Even with a well thought out B2B ebusiness strategy there are still many reasons why a company won’t move forward with a solution or won’t achieve the level of success with it that they had hoped.  Several of the more notable barriers and roadblocks that can be encountered are listed below.  Being aware of these may help to recognize why your initiatives aren’t moving forward as expected and give you a starting point to address the issue.

Complacency – If it’s working, why change?  Successful companies often don’t see a need to invest in B2B solutions such as an ecommerce website until their customers start demanding change or, even worse, move their business to competitors that are easier to work with.

Investment Required – The perception is that B2B solutions are expensive while the benefits can be difficult to quantify.  In fact, many ecommerce platforms offer very full-featured free versions.  Also, you can adopt a prototyping/pilot approach to building your solution that will allow you to minimize investment risk while validating the benefits.

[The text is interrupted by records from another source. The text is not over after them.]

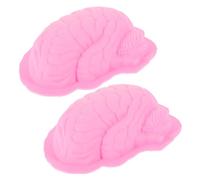 Veemoon 2pcs Pink Silicone Mold for Halloween Baking Food-Grade High Temperature Resistant Dessert Moulds for Jelly Bread Shaped Baking Accessories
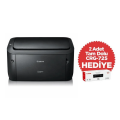 CANON i-SENSYS LBP6030B, Lazer Yazıcı (Siyah), Orjinal +2adet CRG725 Toner Hediyeli (Dakikada 18 Sayfa) ORİJİNAL TONERLİ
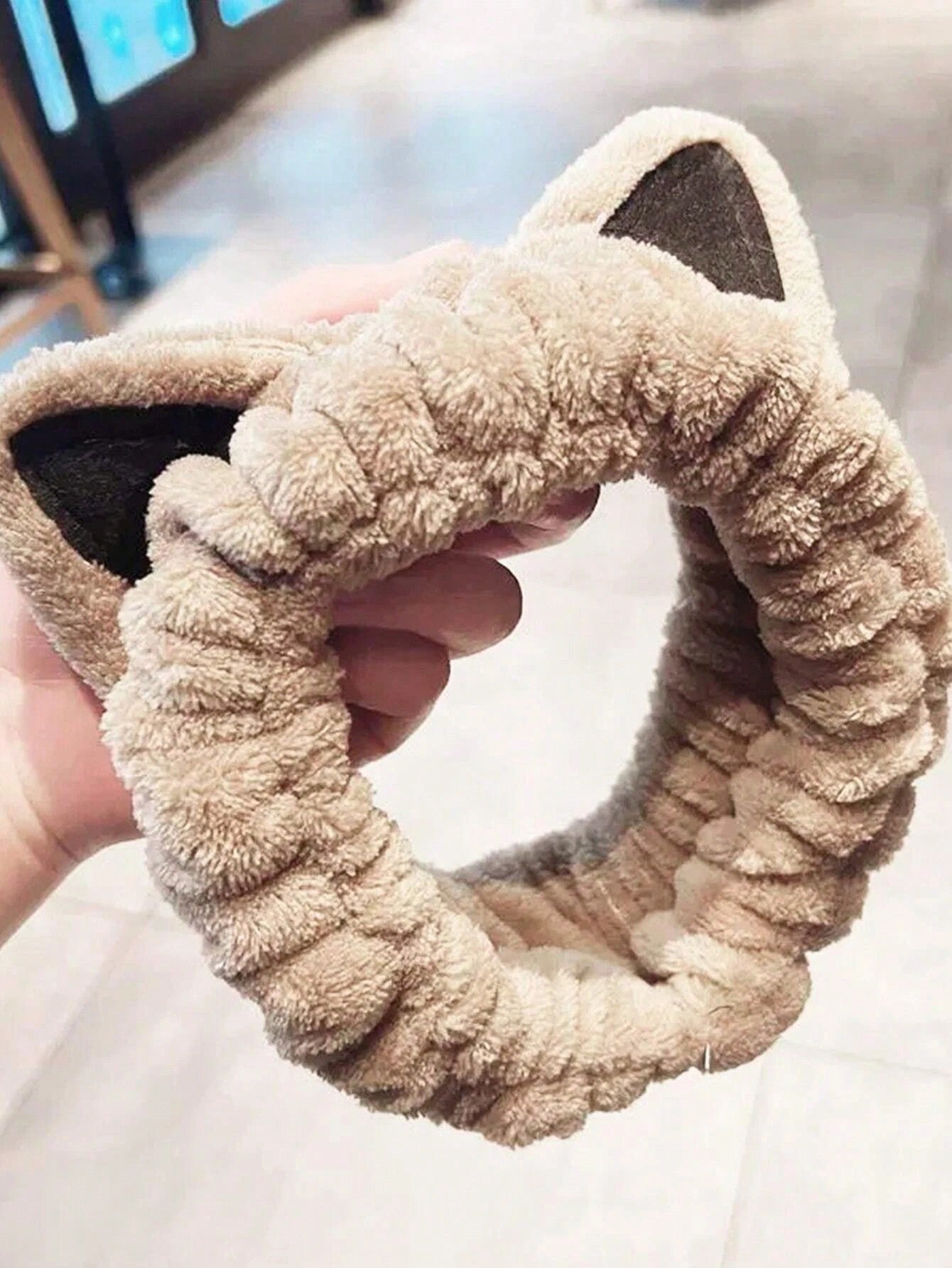 Cute Cartoon Ear Polyester Bath Hair Band 1pc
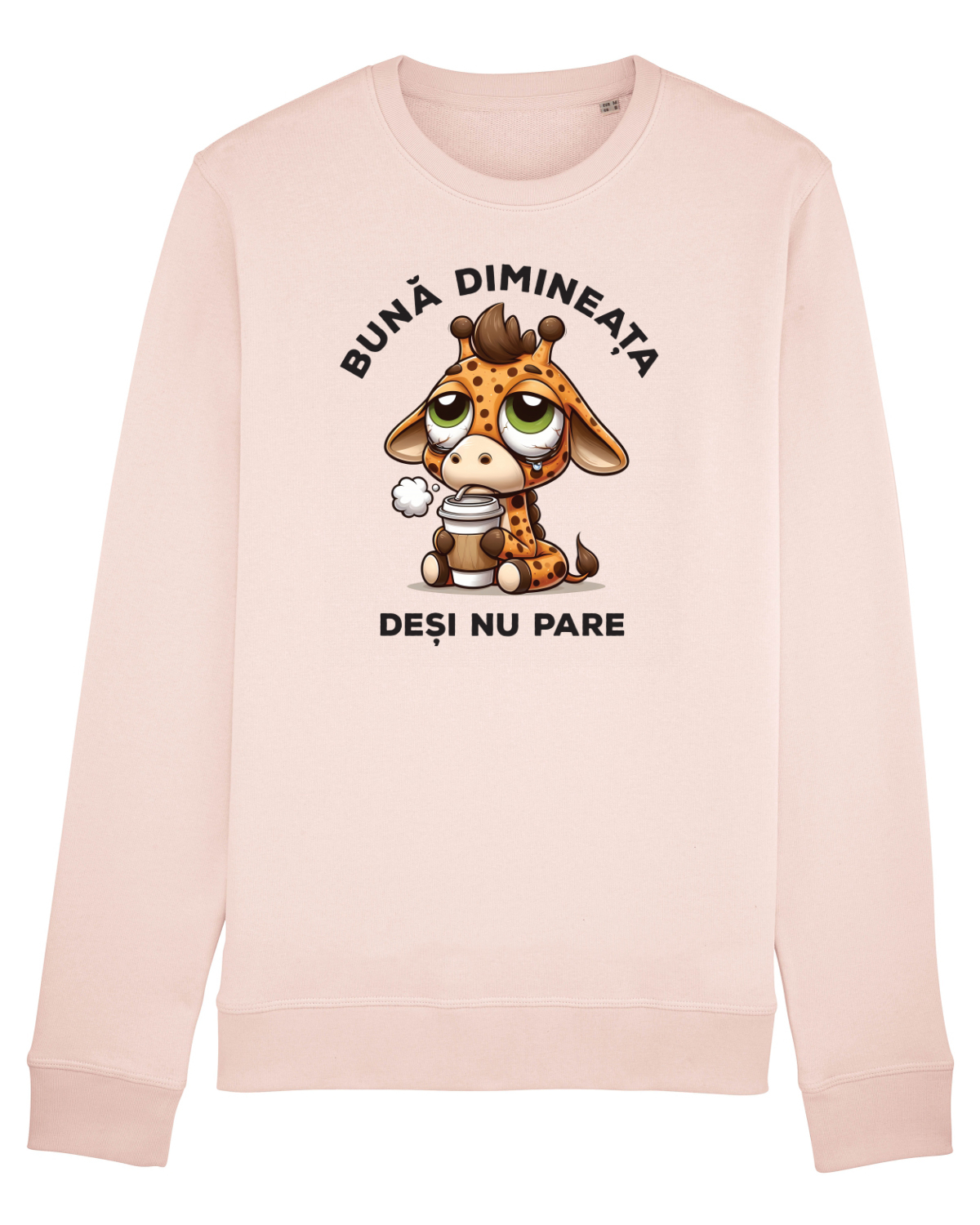 Bluză mânecă lungă Unisex Rise Candy Pink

Lack of Awareness of What’s Possible – Is there a B2B ebusiness champion or expert in your company?  If not, then it’s likely that you aren’t even considering these solutions simply because of lack of awareness.

Organization Position and Strength – Your company’s ability to successfully implement some types of solutions is dependent on the size and strength of your business relative to your customers or suppliers.  For example, an industry leader with a loyal customer base is in a more realistic position to host an industry exchange than their smaller competitors.

Sales Commission Design and Internal Channel Conflict – Careful thought should be given to your compensation and incentive models when introducing an ecommerce website.  If this isn’t well planned then your sales team may (unintentionally or not) undermine the success of your ecommerce platform simply because they are focused on the other activities that have a clear payoff for them.

Sales Force Skillset – A successful ecommerce platform often means that a traditional sales team can spend more time with their prospect’s senior executives on business development and consultative selling rather than working with the purchasing agent expediting customer’s transactions.  Not every sales agent has this advanced skillset.

Changing Customer or Supplier Behavior –For any B2B ebusiness solution with either customers or suppliers you will need to consider how you will get them to adopt the solution.  You should strive to design your solution with compelling benefits that encourage adoption rather than relying on costly customer incentives or damaging supplier “threats”.

Customer and Industry Readiness – As you consider your B2B ebusiness options care should be taken to understand your industry’s experience with the solution and readiness for it.  If you are offering something brand new then be prepared to spend a significant amount of time educating customers and/or suppliers.

Next Steps

Developing a B2B ebusiness strategy requires recognition that action is necessary (see Part 1 of this article), a good understanding of the types of solutions that are available to you (see Part 2 of this article), and a thoughtful review of the drivers that will shape the selection and prioritization of the investments to be made.  Successfully implementing ebusiness solutions will require persistence to overcome the barriers and roadblocks that can hinder adoption.

No strategy or solution will be perfect – the key is to get started on the highest priority activities with a commitment to continuously monitor and improve your solutions.